### DATA FOR ANALYSIS
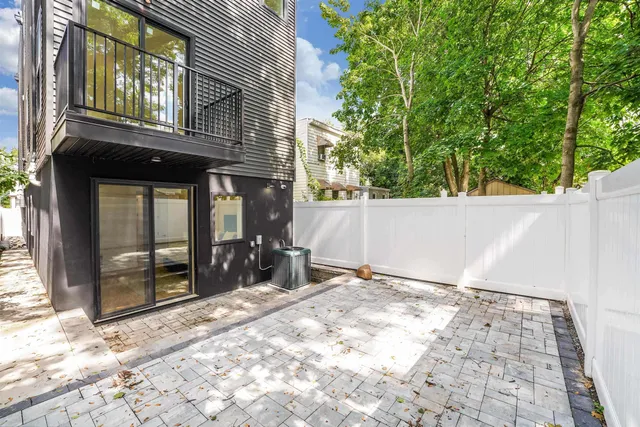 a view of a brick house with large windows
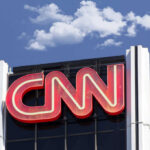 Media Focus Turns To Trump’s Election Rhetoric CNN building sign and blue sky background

* * *

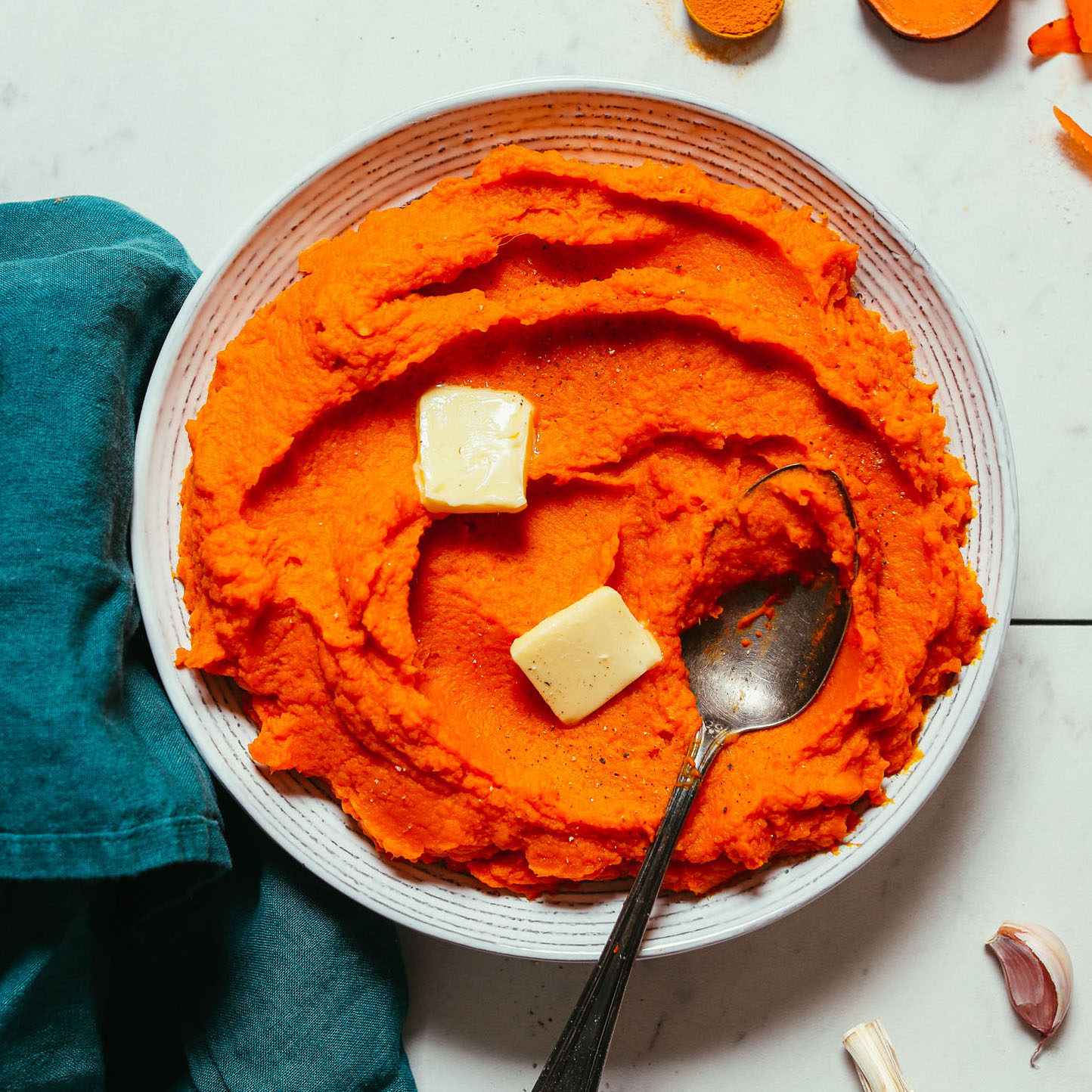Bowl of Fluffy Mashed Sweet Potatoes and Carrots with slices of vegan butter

### ASSIGNED TASK
Starting at the line with "a view of a brick house with large windows" and finishing at the line with "Media Focus Turns", copy the material above exactly, both lines included. Nothing else goes in, and no pictures.

### RESULT OF THIS EXERCISE
 a view of a brick house with large windows
 Media Focus Turns To Trump’s Election Rhetoric CNN building sign and blue sky background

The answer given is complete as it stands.